What the task asks:
Copy exactly. Begin at the line containing "this 1339×896 image." and stop at the last line of the entries, omitting any pictures.

Collected data
▬▬▬▬▬▬▬▬▬▬

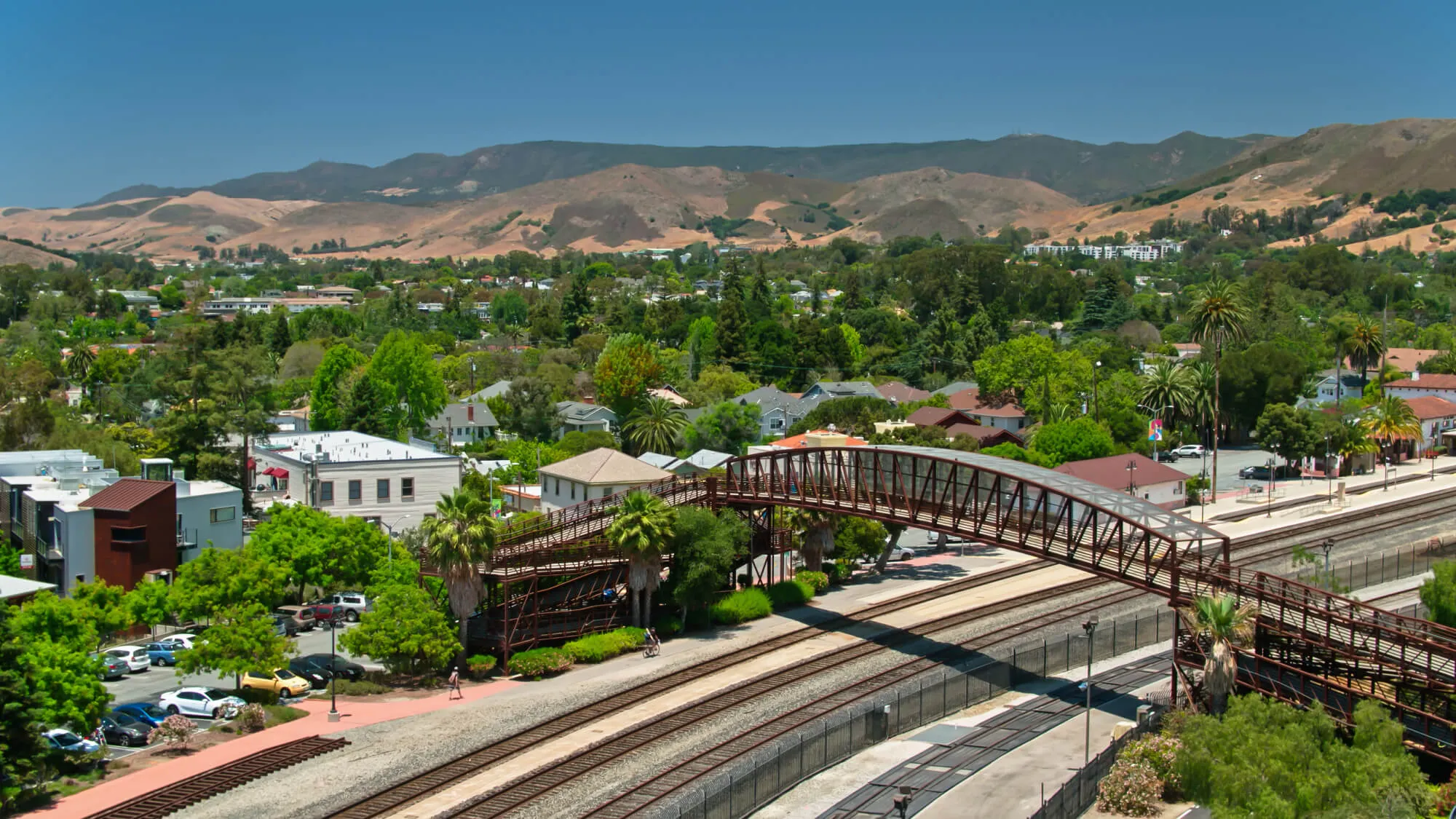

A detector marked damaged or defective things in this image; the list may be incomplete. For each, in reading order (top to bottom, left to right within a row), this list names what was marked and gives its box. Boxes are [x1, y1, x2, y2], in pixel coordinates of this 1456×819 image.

rusty truss bridge [466, 448, 1456, 763]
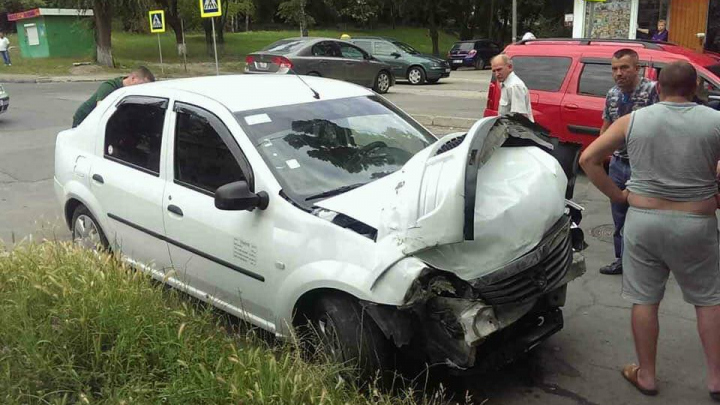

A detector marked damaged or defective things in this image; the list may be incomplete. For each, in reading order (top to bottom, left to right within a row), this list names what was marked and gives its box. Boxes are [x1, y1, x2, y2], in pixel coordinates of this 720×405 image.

damaged white car [54, 75, 584, 376]
crumpled hood [318, 115, 572, 280]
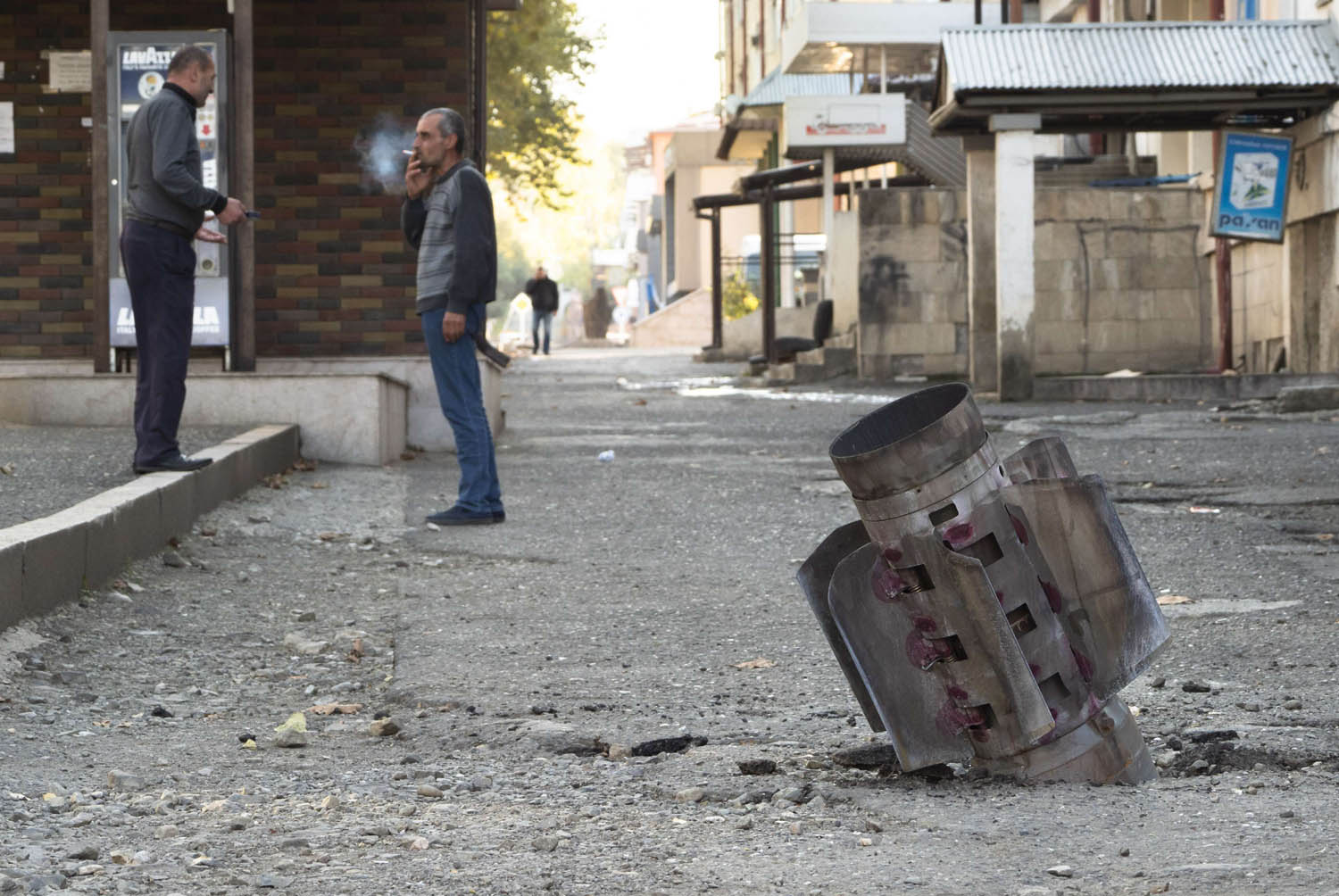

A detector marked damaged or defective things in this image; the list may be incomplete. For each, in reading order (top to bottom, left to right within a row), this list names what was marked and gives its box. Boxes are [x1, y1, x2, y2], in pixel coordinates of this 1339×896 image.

damaged road [0, 353, 1335, 892]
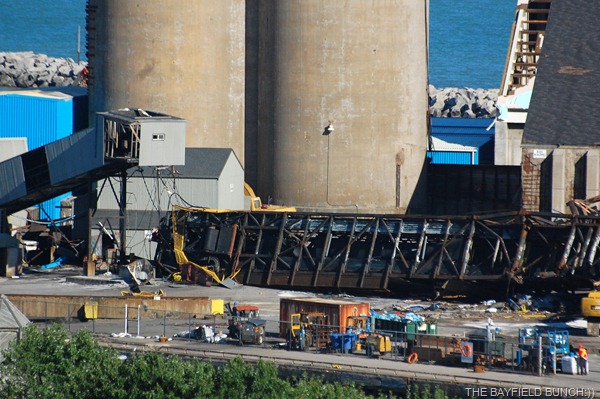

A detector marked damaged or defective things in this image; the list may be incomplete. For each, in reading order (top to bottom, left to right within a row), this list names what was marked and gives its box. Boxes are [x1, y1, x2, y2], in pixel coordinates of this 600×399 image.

▬▬▬▬▬▬▬▬▬▬

Solution to this exercise:
A detector marked damaged or defective things in this image; the list may be incomplete. For each, in reading order (top to bottom, left to right within a row), this list names what was marked and gives its box. Boxes are [x1, y1, x2, y2], in pixel coordinates of this 1339×896 image.

damaged road [0, 353, 1335, 892]

A detector marked damaged or defective things in this image; the list may be incomplete. For each, in reading order (top to bottom, left to right within a row), this list names what was marked and gives its box. Boxes are [x1, y1, x2, y2], in pixel coordinates of this 600×399 image.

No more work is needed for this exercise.